Siempre hay una dicotomía entre el impulso de hacer y la necesidad de detenerse a pensar si lo que se va a hacer, se va a hacer bien. El dilema ético se instala en la garganta del periodista justo cuando se presenta la oportunidad de presenciar el horror desde la primera línea. ¿Se trata de informar o de invadir? ¿De testificar o de profanar?

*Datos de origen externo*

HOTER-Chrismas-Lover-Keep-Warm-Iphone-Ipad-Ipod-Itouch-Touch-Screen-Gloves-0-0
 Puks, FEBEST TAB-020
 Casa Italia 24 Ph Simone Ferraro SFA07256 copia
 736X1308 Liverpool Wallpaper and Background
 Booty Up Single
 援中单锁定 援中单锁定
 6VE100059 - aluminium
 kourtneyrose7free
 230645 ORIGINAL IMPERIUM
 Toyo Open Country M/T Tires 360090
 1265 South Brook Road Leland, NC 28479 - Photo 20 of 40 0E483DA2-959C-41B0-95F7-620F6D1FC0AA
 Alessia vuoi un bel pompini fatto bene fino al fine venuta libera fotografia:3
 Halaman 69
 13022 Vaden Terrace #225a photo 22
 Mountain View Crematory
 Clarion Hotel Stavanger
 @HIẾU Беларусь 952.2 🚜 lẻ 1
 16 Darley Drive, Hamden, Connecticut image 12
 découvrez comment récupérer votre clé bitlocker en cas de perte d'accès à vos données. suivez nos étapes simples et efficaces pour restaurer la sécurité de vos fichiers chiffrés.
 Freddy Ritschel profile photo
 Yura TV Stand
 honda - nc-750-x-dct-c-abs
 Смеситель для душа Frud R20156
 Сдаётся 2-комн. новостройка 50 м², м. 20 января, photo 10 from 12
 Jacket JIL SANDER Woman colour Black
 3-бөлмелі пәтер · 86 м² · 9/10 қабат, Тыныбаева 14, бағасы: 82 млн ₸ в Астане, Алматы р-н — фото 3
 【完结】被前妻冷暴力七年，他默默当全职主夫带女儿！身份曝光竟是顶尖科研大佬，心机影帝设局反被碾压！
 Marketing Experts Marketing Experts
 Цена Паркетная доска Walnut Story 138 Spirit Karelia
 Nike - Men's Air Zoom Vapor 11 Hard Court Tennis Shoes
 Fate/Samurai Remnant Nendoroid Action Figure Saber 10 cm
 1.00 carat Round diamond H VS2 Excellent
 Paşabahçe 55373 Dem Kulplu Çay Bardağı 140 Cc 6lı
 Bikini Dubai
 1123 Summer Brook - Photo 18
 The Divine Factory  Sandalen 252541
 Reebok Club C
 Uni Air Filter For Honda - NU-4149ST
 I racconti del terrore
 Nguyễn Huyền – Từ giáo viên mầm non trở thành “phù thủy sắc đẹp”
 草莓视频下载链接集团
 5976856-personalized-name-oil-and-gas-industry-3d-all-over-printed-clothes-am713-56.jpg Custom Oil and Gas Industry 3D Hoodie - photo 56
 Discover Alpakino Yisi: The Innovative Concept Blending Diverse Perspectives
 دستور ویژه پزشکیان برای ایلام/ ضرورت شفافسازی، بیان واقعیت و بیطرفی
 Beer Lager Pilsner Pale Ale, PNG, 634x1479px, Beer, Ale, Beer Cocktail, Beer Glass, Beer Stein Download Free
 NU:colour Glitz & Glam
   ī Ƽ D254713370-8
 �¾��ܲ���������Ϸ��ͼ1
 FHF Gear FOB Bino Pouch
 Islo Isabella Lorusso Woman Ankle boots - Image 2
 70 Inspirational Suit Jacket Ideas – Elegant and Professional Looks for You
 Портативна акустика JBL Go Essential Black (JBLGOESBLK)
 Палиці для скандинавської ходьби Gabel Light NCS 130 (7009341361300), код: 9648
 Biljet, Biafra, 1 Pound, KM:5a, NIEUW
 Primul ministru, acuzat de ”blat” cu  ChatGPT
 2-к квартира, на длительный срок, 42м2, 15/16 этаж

El pasado miércoles, cuando el fiscal general de la República, Alejandro Gertz Manero, anunció que abriría las puertas del Rancho Izaguirre en Jalisco —un lugar señalado como campo de exterminio por colectivos de búsqueda— y que permitiría el acceso a medios de comunicación al día siguiente, mi impulso natural fue decir: “yo quiero ir”. Escribí al departamento de Comunicación Social y busqué el vuelo más próximo desde la Ciudad de México. No soy ajena a ese reflejo profesional de estar donde ocurre lo que importa, aunque esa urgencia, a veces, tropiece con zonas oscuras de nuestra responsabilidad.


Ya en Guadalajara, al llegar a la Fiscalía estatal —el punto de encuentro para los medios—, no fue el calor, ni la logística improvisada lo que me golpeó primero. Fue un hedor: un mal olor metafórico, putrefacción en sentido figurado. ¿Qué íbamos a hacer? ¿Quizás solo mirar desde fuera? ¿Tal vez ingresar uno por uno, guiados por un perito? ¿O asistir a una puesta en escena cuidadosamente ensayada? ¿Seríamos cómplices de una profanación institucional disfrazada de transparencia?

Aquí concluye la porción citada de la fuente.